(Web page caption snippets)

-*-*-

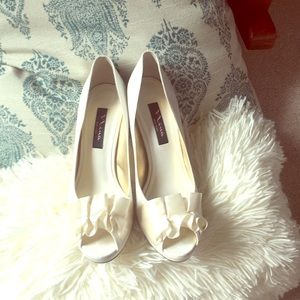 White Pearl Color Heels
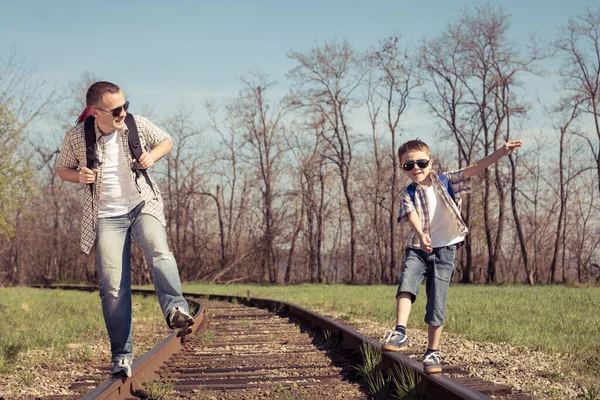 Far Och Son Går Järnvägen Dagen Folk Som Har Kul — Stockfoto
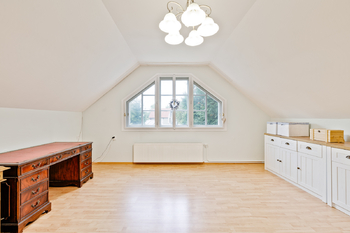 Prodej domu 256 m², Suchdol
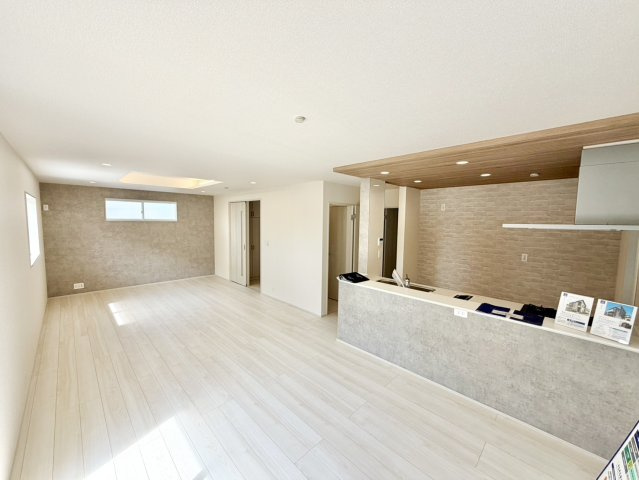 泉佐野市日根野　新築一戸建ての居間・リビング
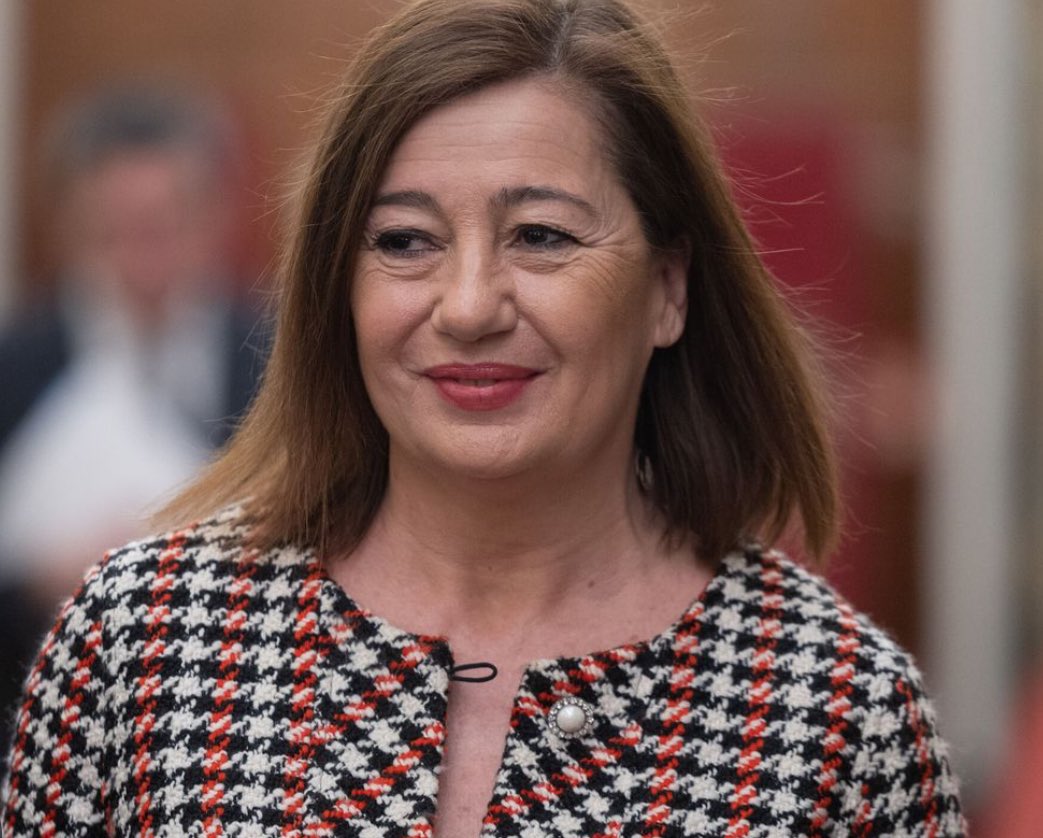 🇪🇸 | La presidenta del Congreso, Francina Armengol, acusada de prevaricación, infidelidad en la custodia de documentos y falsedad.

Podría haber cometido hasta tres delitos al eliminar dos enmiendas del Senado a una ley.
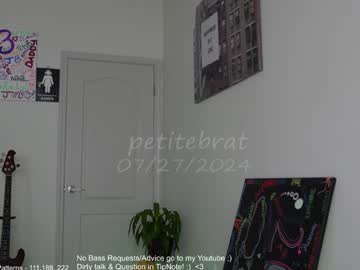 webcam girl petitebrat live cam image #10057287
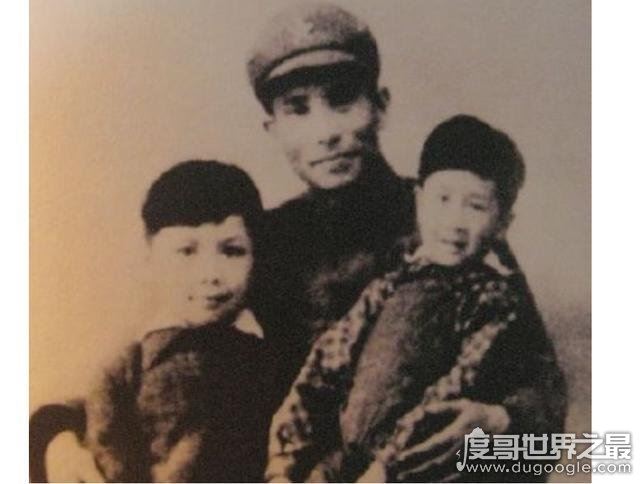 中国唯一双国籍人是他，帅气的开国将军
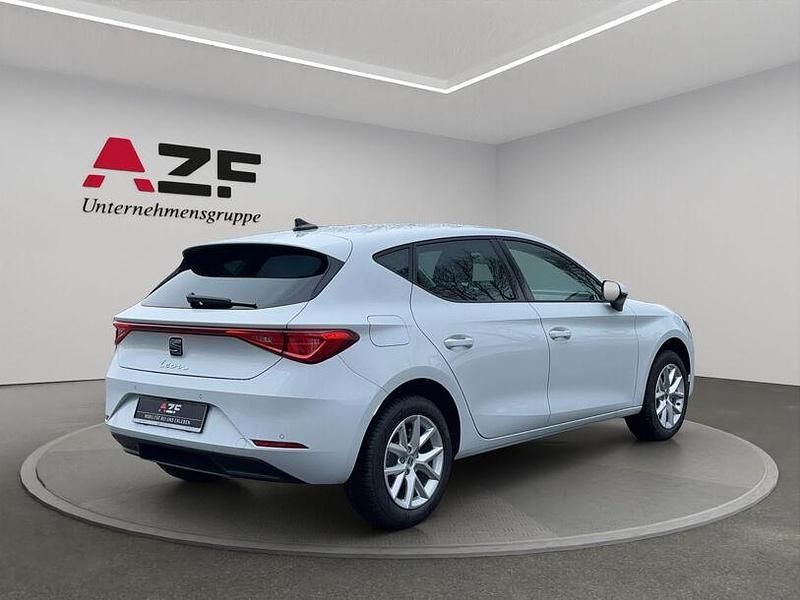 Neu Seat Leon Style 150 PS (110 kW) 2025 Weiß Limousine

-*-*-

Set down the entries above exactly, and keep every picture out of your copy.

 White Pearl Color Heels
 Far Och Son Går Järnvägen Dagen Folk Som Har Kul — Stockfoto
 Prodej domu 256 m², Suchdol
 泉佐野市日根野　新築一戸建ての居間・リビング
 🇪🇸 | La presidenta del Congreso, Francina Armengol, acusada de prevaricación, infidelidad en la custodia de documentos y falsedad.

Podría haber cometido hasta tres delitos al eliminar dos enmiendas del Senado a una ley.
 webcam girl petitebrat live cam image #10057287
 中国唯一双国籍人是他，帅气的开国将军
 Neu Seat Leon Style 150 PS (110 kW) 2025 Weiß Limousine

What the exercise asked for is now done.